MATERIAL PROVIDED:

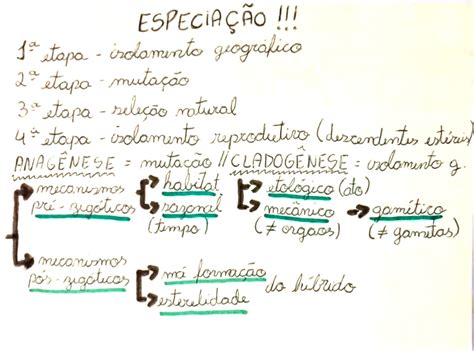 MAPA MENTAL SOBRE ESPECIAÇÃO STUDY MAPS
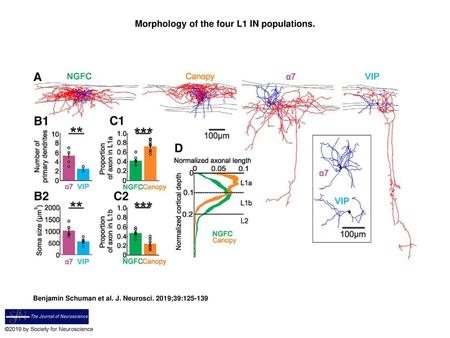 Morphology of the four L1 IN populations.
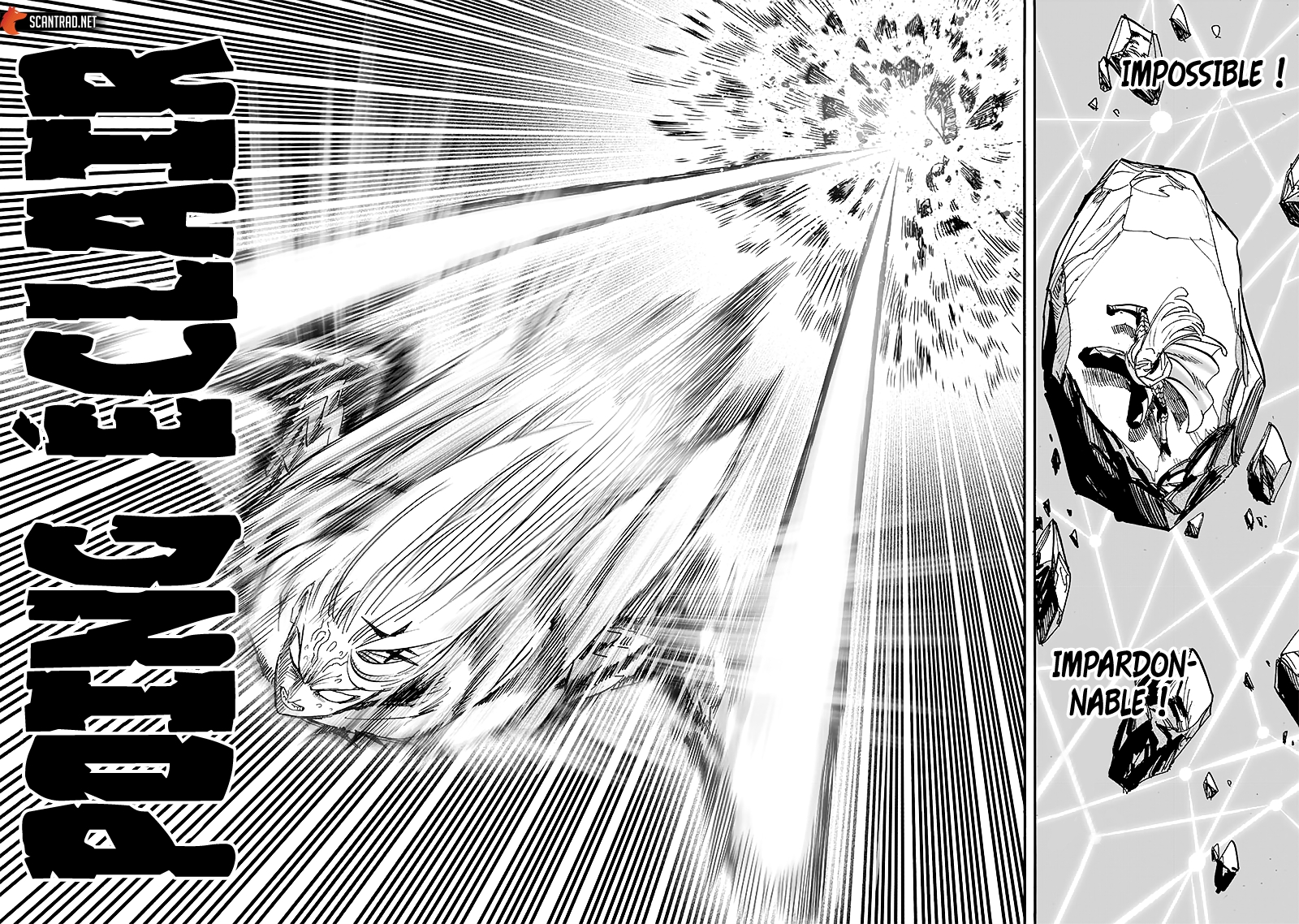 Read One Punch man (fr) Manga Online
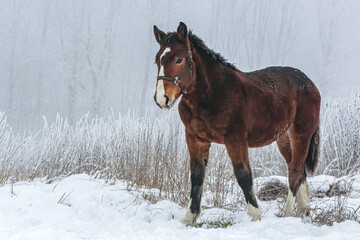 Portrait of a bay brown noriker coldblood horse weanling foal in front of a snowy winter landscape...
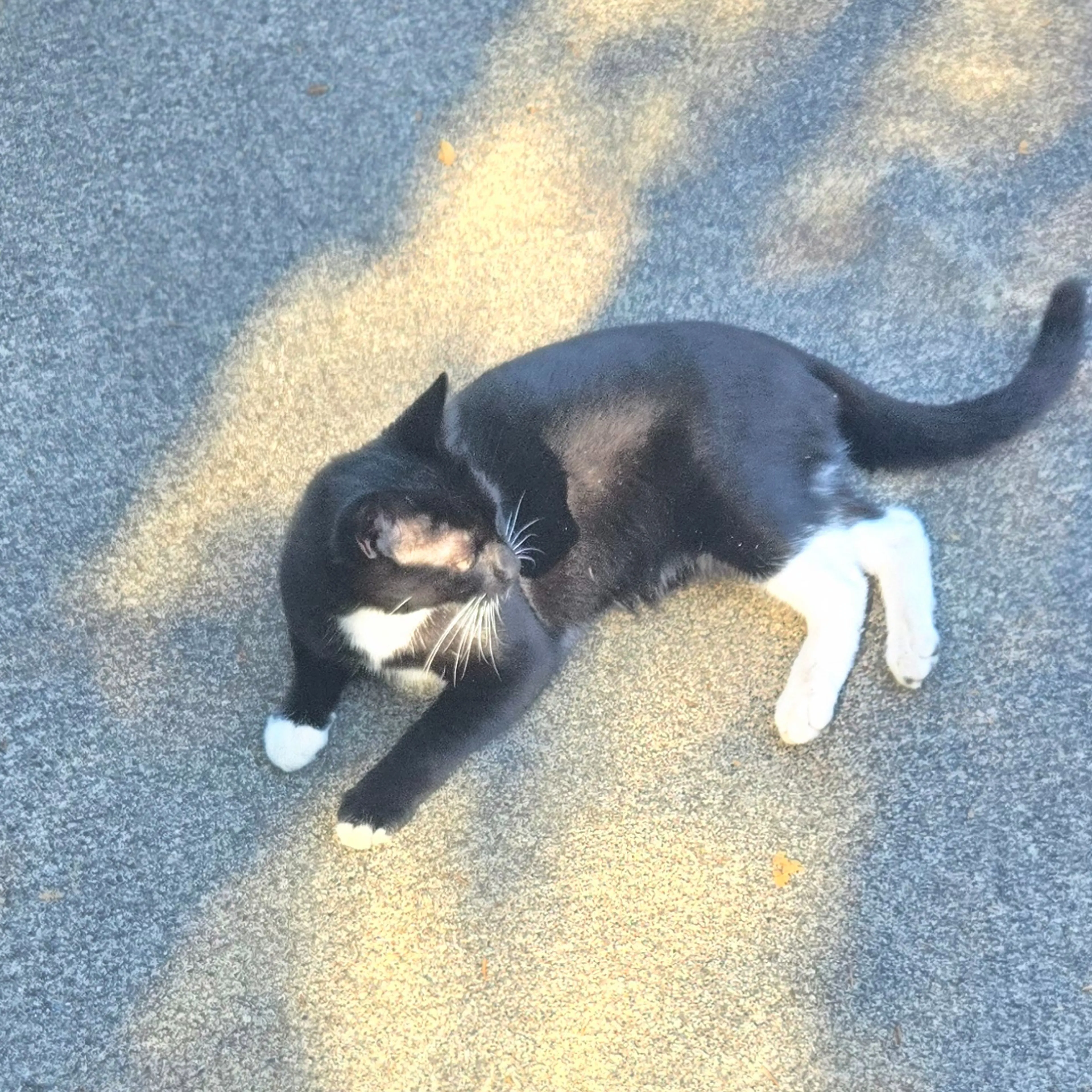 Lost pet-1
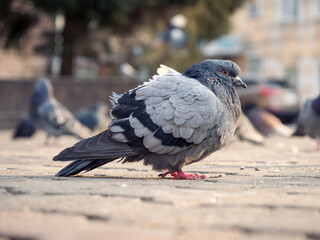 City pigeons perching on the sidewalk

PROBLEM REQUIREMENTS: Pictures are to be left out; the rest of the listing should be printed exactly.

SOLUTION FOR THIS TASK:
 MAPA MENTAL SOBRE ESPECIAÇÃO STUDY MAPS
 Morphology of the four L1 IN populations.
 Read One Punch man (fr) Manga Online
 Portrait of a bay brown noriker coldblood horse weanling foal in front of a snowy winter landscape...
 Lost pet-1
 City pigeons perching on the sidewalk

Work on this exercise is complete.